If, a decade ago, I had been approached and asked to create a system for
automated motorcycle manual production, I would have used markup to do
so. No surprises there. I would have used SGML markup to be exact. The
syntax of the markup I would have used is essentially indistinguishable
from what the world today calls XML. Back then we called in "monastic
SGML". Just enough to get the job done without complicating your life
too much.

Faced with the same motorcycle-modeling task today, I would use
essentially the same syntax -- namely XML -- as my basic notation.
However, after over 10 long years traveling the winding roads of markup
methodologies, my modeling approach and underlying philosophy would be
very different today.

A decade ago, everywhere I looked I saw tags waiting to be created. A
motorcycle is such a beautiful example of a coherent hierarchical form,
that it begs to be tagged microscopically. Every component piece -- from
brakes to gas tank; every content view -- from maintenance to quality
control -- just oozing with modeling challenges and opportunities. A
happy hunting ground for exegesis through markup.

Thus began my "markup mega-model" phase. A time when I reveled in the
task of identifying, classifying and writing down all the tags I would
need to make up the perfect motorcycle manual. It all seemed like common
sense - just a question of time and effort to get it all written down.

Somewhere along the road, my enthusiasm for the markup project
diminished.
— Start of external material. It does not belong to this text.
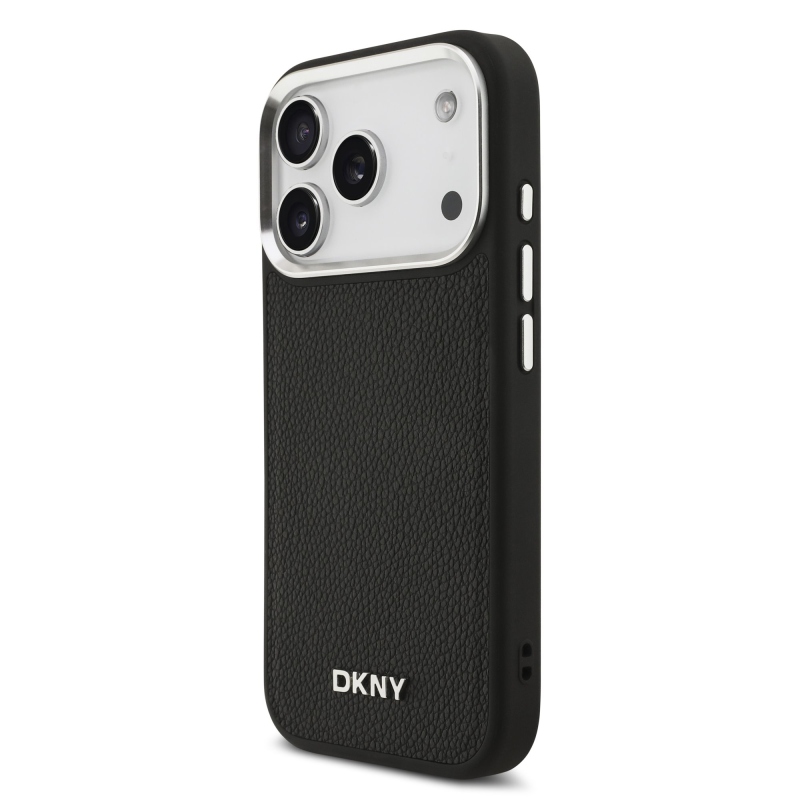 DKNY PU kožený kovový kryt s logom na zápästie MagSafe Back Cover pre iPhone 17 Pro Black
Would it ever be possible to identify a "right way" to
markup something? Will it always be a melange of trade-offs and personal
whims? What is the point in having a 1,000-page schema containing a
comprehensive exposition of the mereological truth underlying a
motorcycle if nobody uses the tags?

That was the start of my "markup minimalism" phase. When all is said and
done (I reasoned), there are paragraphs, tables, graphics, links, and
footnotes. That's about it. All else is meta-data. All the fun stuff is
in the controlled vocabularies used to create the taxonomies to locate
chunks of...paragraphs, tables, graphics, links, and footnotes.